In the wake of the global meltdown and the Madoff scandal, which erupted in late 2008, we saw the Dodd-Frank Act signed into law in 2010. One result of the Act was that regulatory bodies such as the Financial Industry Regulatory Authority (FINRA) and the SEC began to closely scrutinize hedge funds, which to that point had been only lightly regulated. In response, funds began to expand into so-called “side-pocket investments” — essentially, private equity deals — to help boost overall returns.

The regulators have in turn followed the money into PE, and are now scrutinizing private equity groups more vigorously than ever. I think it’s fair to say that the burden of compliance on this asset class shows no sign of decreasing; in fact, it will be increasing over time.

And it’s not just about Dodd-Frank and US law, of course. We’re adept at helping our private equity clients with their fundraising, both domestic and international, by taking the burden of mid- and back-office administration — including AML, onboarding, compliance and disclosure requirements involved with such transactions — off the backs of fund managers. This is one area where our domain expertise and global partnerships really are making the difference, for both our clients and their limited partners.

Clearly, compliance is a fundamental issue. So what about other areas you’re seeing in the realm of basic operational concerns, for instance?

I would say that scalability is another huge pain point. When I visit with a potential client, one of the first questions I ask is, “How many accountants do you employ?” For those who don’t outsource, the percentage of accountants on the payroll is typically one-third of all employees — a staggeringly high number.

Fund accounting is not a contiguous exercise: it’s a specialized, extremely complex activity that requires ongoing learning on the part of highly paid accountants. While it’s obviously a critical component of fund administration, fundamentally, it is a cost center. If you ask a fund what their business aspirations are, what their core competency is, none of them will tell you it is simply about hiring more and more accountants. Most funds will tell you that their core competency is raising money and deploying investments in order to secure a good return for their clients.

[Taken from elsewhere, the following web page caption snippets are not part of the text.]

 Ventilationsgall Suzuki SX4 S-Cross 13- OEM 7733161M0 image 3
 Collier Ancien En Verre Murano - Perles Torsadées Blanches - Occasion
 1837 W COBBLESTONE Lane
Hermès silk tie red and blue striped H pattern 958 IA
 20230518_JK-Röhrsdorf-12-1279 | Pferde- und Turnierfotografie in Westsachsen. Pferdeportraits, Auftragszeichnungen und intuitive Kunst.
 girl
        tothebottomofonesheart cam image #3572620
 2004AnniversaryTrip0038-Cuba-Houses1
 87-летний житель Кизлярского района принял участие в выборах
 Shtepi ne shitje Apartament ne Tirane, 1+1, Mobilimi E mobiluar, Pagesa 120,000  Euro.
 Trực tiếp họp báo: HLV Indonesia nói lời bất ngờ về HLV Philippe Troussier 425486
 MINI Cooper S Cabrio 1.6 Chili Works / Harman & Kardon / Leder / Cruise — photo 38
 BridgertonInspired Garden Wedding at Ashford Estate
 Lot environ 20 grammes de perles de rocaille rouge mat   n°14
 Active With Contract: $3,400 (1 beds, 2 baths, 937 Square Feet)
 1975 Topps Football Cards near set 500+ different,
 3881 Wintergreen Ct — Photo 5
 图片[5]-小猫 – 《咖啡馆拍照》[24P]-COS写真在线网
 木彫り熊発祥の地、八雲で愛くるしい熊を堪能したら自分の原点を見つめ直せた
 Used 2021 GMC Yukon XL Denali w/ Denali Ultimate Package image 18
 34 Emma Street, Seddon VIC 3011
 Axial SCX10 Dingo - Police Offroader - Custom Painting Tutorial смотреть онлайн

When you consider that accounting is a fixed cost that grows with every new fund, you realize the difficulty inherent in accomplishing the very thing you need to do in order to grow — scale up your accounting groups.

So what else is keeping fund managers up at night?

I’d have to say cybersecurity. If compliance and scalability are part of the regular course of doing business, cybersecurity is about avoiding an extinction event. Just consider: if you’re a fund, and you get hacked — if your customers’ information and/or their money is in jeopardy — it’s lights out for the business. And that wouldn’t even be the end of the worries. Sizable investors are not going to just take their losses and walk away.

So “How do you deal with cybersecurity?” is a question that I’m always asked. It makes perfect sense when you consider the sensitive nature of the investor information that fund administrators hold for their clients.

This is a bedrock area for our company, something we take very seriously. And I’m happy to say that it’s an area where we shine. On cybersecurity, our record — and our resources, both human and technological — are second to none. While there are always new threats emerging, our cybersecurity results have continued to be flawless.

So how do you do it? What’s your approach to cybersecurity?

Well, it goes beyond just cyber. That is only one aspect of our larger — you could almost call it an obsession — approach to security.

One thing that sets us apart from other fund administrators is that, even though obviously we are not a bank, when it comes to security, we basically act like one. (In fact, we are vetted by the large bulge bracket banks, for whom we act as a vendor.) We literally take every step to ensure security that we can possibly think of. That includes business continuity plans, software, network and social controls, and of course ongoing testing.

And we do it voluntarily — because we understand the sensitive nature of the information that we’re holding.

Every year, we voluntarily submit to an audit of our System and Organization Controls (SOC) — and every year we pass with flying colors. We also regularly do anti-money laundering (AML) compliance testsWe have third parties conduct regular cyber and physical security tests on us, including penetration testing. We even do social engineering drills, where we try to spoof our employees.

From the ground up, we’ve built a single, integrated, bulletproof environment. I think it’s fair to say that the degree of security we offer our clients (and their limited partners) is worth the price of admission of our offering alone.

Are there any other salient pain points that you’re encountering?

The last pain point I’ll mention — it’s also increasingly a must-have for funds — involves reporting and analytics.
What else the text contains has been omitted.